By
Editorial Staff
October 1, 2008
There is a recession on the way, some experts say.
Financial institutions are going under; Washington Mutual was sold off to the highest bidder, the government contemplates bailing out lenders. What to do?
If the government bails out institutions, the everyman foots the bill for salaries for millionaires. If the government doesn’t, than perhaps we spiral into a recession-caused depression rivaled only by the Great one.
And for students, this means being deprived of some of the most necessary aspects of our lives.
Deprived of iPods and laptops, we will have to go back to listening in class for entertainment. Lines for coffee will stretch out like the unemployment lines of yore as the campus’ numerous hot beverage and snack establishments are reduced, by necessity, to just one. Students will be forced to wait as long as 10 minutes for the coffee they so desperately need.
With electricity prices soaring, the coffee itself will be heated by a cheaper energy alternative: wood stoves, which will be powered by sacrificed cherry trees from the Quad.

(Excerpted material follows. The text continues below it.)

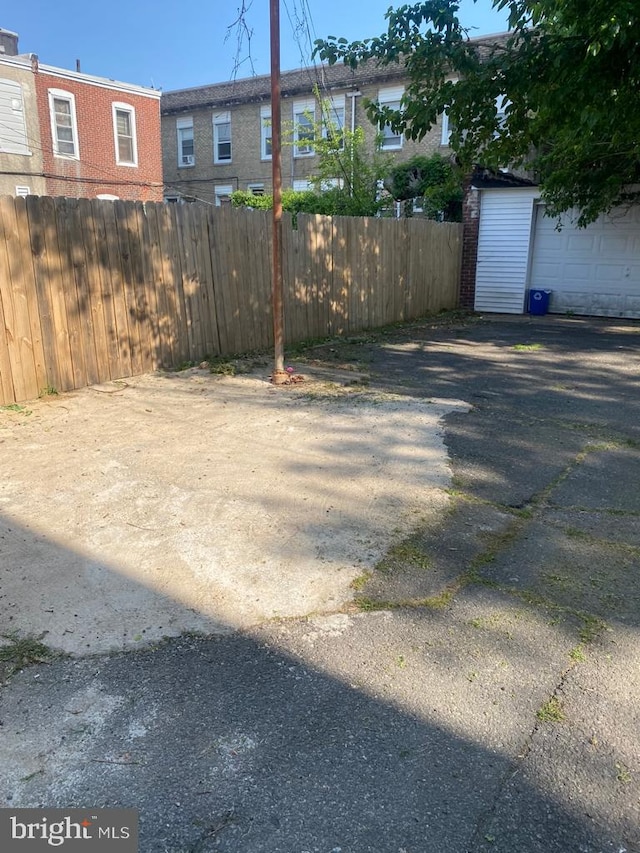 view of yard with an outbuilding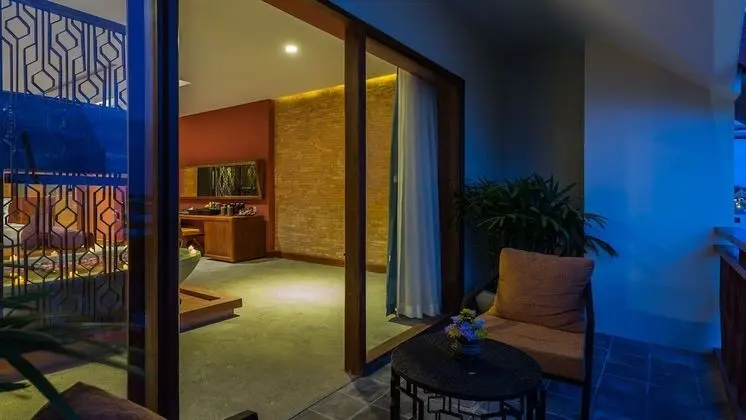 Premier Suite, Bathtub, Balcony with City View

Although students will have to live with five or six roommates in one-room apartments just to pay the rent, previous practice in overcrowded dorms will serve them well. As the books of Odegaard are burned for warmth in our mild Northwest winter, students shall bunk in their vacant spaces, stacked like the books they replace: to the ceiling.
Students will roam the campus like squirrels, quarreling over scraps of food hoarded from garbage bins. They will store these morsels in their backpacks and satchels and deposit them in desks around campus. Gangs shall form and wars rage between the north campus liberal arts tribe and the south campus sciences covenant.

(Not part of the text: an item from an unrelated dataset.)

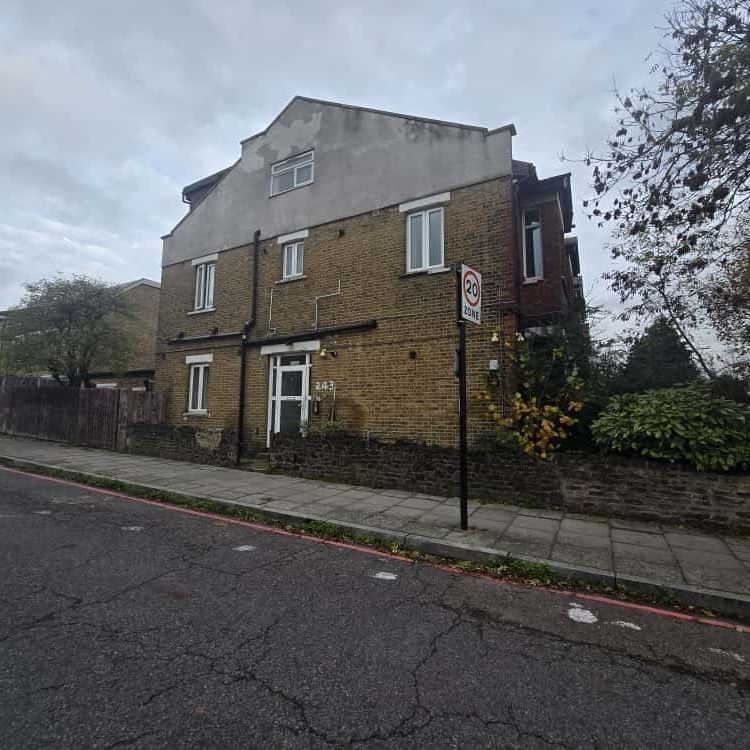 Studio Flat, Stanstead Road, SE23 - Photo 1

Students living in this unprecedented state of deprivation will no longer be able to ride the bus from Terry-Lander to the HUB, and will instead, like their grandparents, have to walk uphill both ways.
Forced to drink cheap beer and shower at the IMA, students will no longer be able to afford to tailgate on yachts and speed boats, and will instead be confined to the much less stable, and much more wet, IMA canoe.
Yes, our students will truly be a sad sight in these times.